MITM L’attaque de l’homme du milieu (HDM) ou man-in-the-middle attack (MITM), parfois appelée attaque de l’intercepteur, est une attaque qui a pour but d’intercepter les communications entre deux parties, sans que ni l’une ni l’autre ne puisse se douter que le canal de communication entre elles a été compromis. Le canal le plus courant est une connexion à Internet de l’internaute lambda.
NAC Un contrôleur d’accès au réseau (network access control ou NAC) est une méthode informatique permettant de soumettre l’accès à un réseau d’entreprise à un protocole d’identification de l’utilisateur et au respect par la machine de cet utilisateur des restrictions d’usage définies pour ce réseau
NIDS Sur les systèmes NIDS, un logiciel de protection est installé uniquement à des points spécifiques, comme les serveurs qui établissent l’interface entre l’environnement extérieur et le segment de réseau à protéger
NOS Network Operating System, système d’exploitation de supercalculateur de la Control Data Corporation.

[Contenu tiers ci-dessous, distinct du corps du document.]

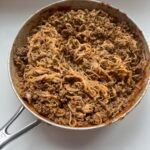 saucy coconut peanut beef and rice noodles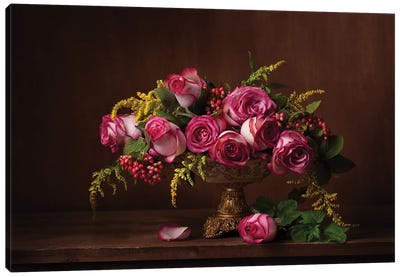 Still Life With Roses Canvas Art Print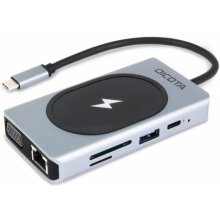 DICOTA USB-C 10-in-1 Charging Hub 4K PD 100W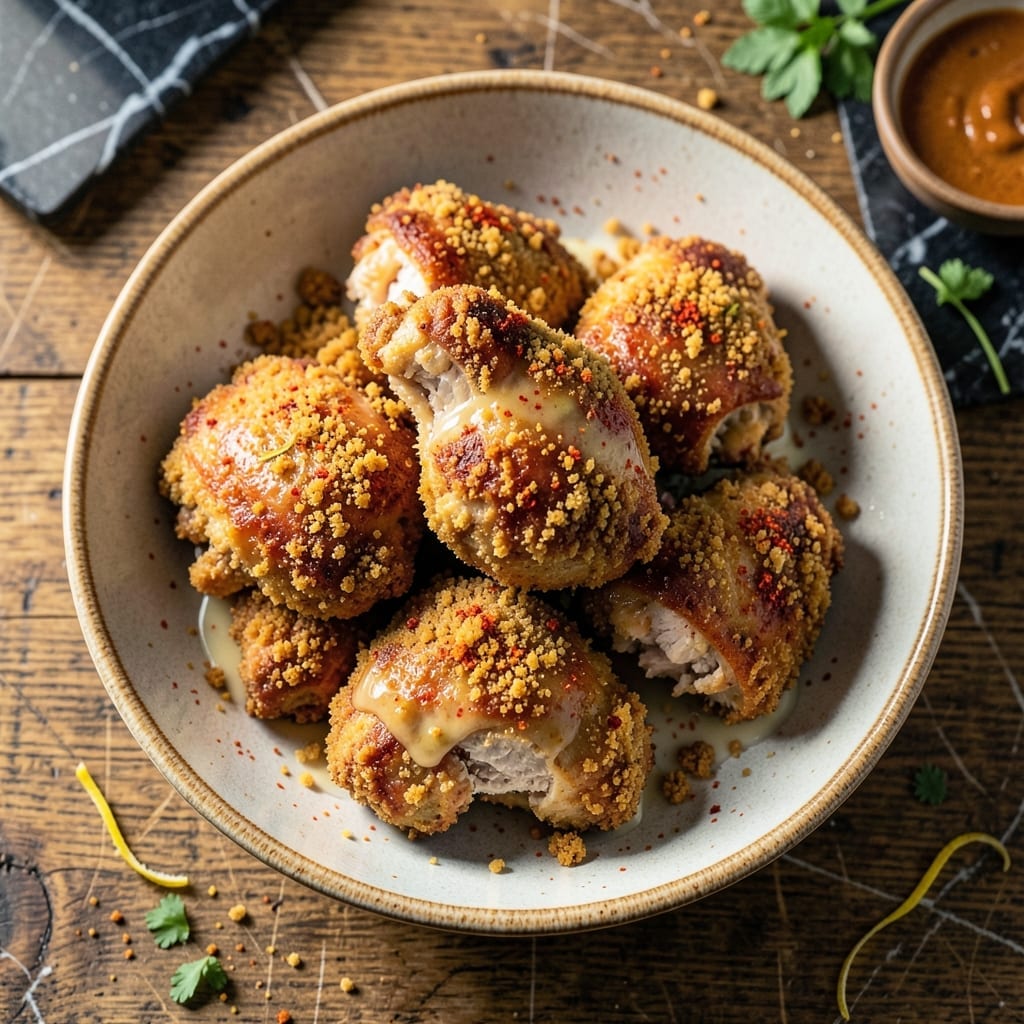 Fried Chicken Recipe With Bread Crumbs: Double-Crisp Golden Crust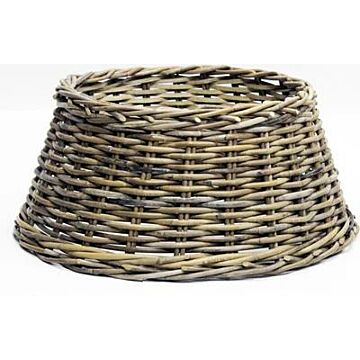 Weihnachtsbaumkorb Rattan grau Ø 60 cm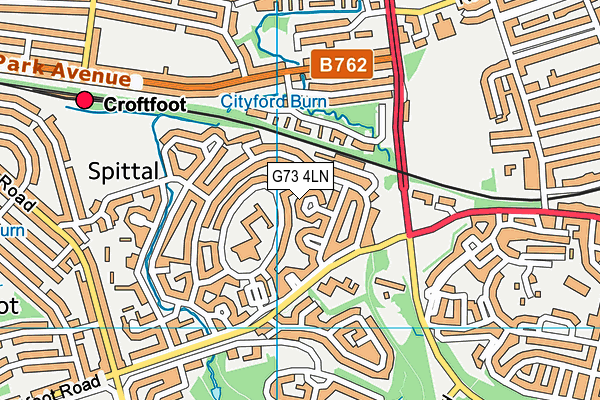 G73 4LN map - OS VectorMap District (Ordnance Survey)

NTECH Désigne un enquêteur de la Gendarmerie nationale spécialisé dans les nouvelles technologies et en particulier dans la cybercriminalité.
OCLCTIC Office Central de Lutte Contre la Criminalité liée aux TIC
OIV Organismes d’Importance Vitale
OSI Open Systems Interconnection (norme de communication, en réseau, de tous les systèmes informatiques)
PAS Le PAS (Plan d’Assurance Sécurité) répertorie toutes les références de sécurité sur lesquelles s’appuie l’entreprise pour assurer la sécurité des services qu’elle propose. L’objectif est ici de répondre notamment aux exigences des articles 34 et 35 de la loi informatique et libertés du 6 janvier 1978 modifiée qui imposent au responsable de traitement et à son sous-traitant de mettre tous les moyens en œuvre pour assurer la sécurité et la confidentialité des données. Notons ici que le Règlement Européen pour la protection des données est venu renforcer cette obligation en instaurant un quasi régime de co-responsabilité entre le client et son prestataire
PASSI Prestataires d’Audit de la Sécurité des SI
PDIS Prestataires de Détection des Incidents de Sécurité
PDMA La perte de données maximale admissible (PDMA ou parfois PDAM), en anglais Recovery Point Objective (RPO) quantifie les données qu’un système d’information peut être amené à perdre par suite d’un incident. Usuellement, elle exprime une durée entre l’incident provoquant la perte de données et la date la plus récente des données qui seront utilisées en remplacement des données perdues. Cette durée est exprimée généralement en heures ou minutes.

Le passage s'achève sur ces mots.